### [WHAT YOU SHOULD DO]
Where the line holding "The Texas Rangers" appears, start copying, and continue exactly through the last line of the listing, skipping pictures.

### [EXERCISE INPUT]
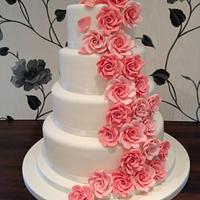 Cascading Coral Rose Wedding Cake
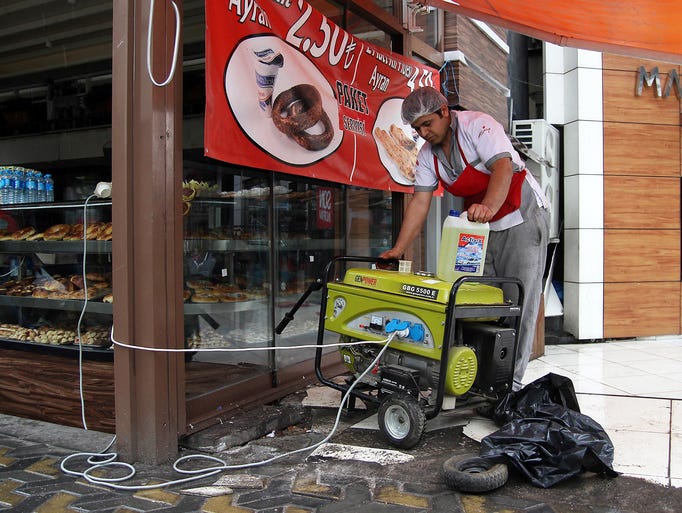 A man gets a generator working at a bakery in Ankara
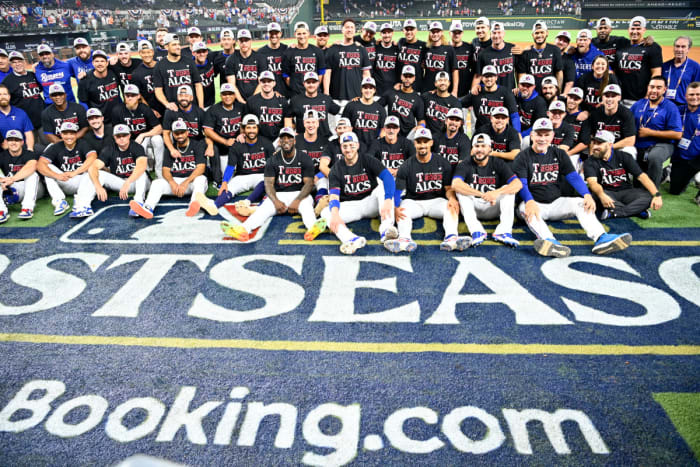 The Texas Rangers pose for a group photo after sweeping the Baltimore Orioles in Game 3 of the ALDS Tuesday night at Globe Life Field.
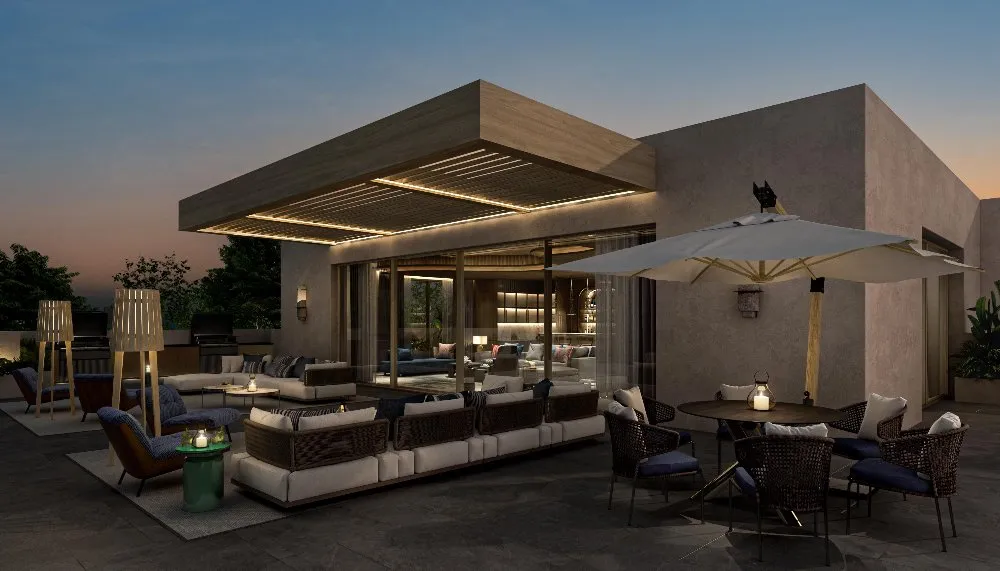 Serene outdoor patio at the resort, surrounded by lush greenery and cozy seating areas.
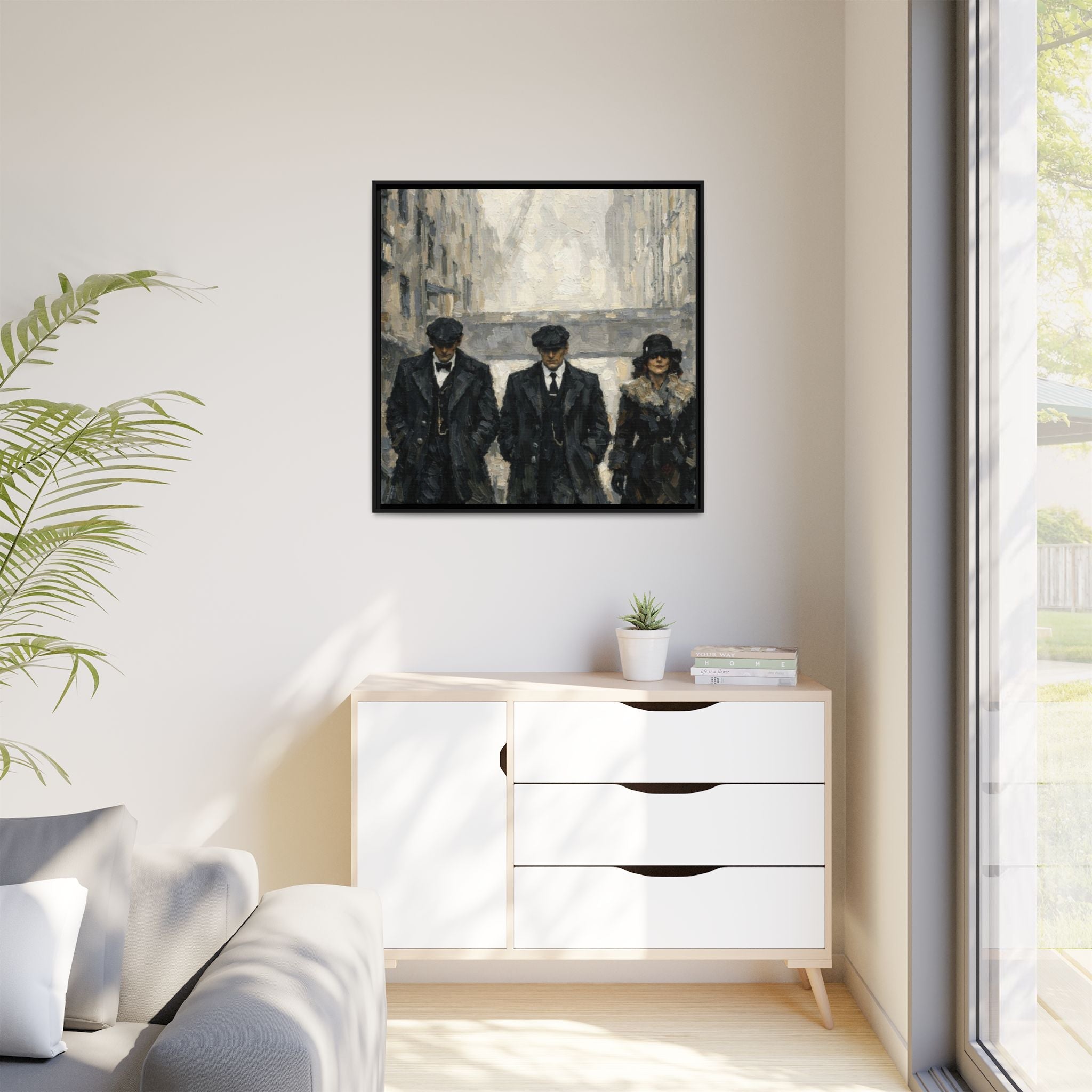 Framed artwork of three people on a wall above a white cabinet with a plant and books.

### [SOLUTION TO THIS PROBLEM]
 The Texas Rangers pose for a group photo after sweeping the Baltimore Orioles in Game 3 of the ALDS Tuesday night at Globe Life Field.
 Serene outdoor patio at the resort, surrounded by lush greenery and cozy seating areas.
 Framed artwork of three people on a wall above a white cabinet with a plant and books.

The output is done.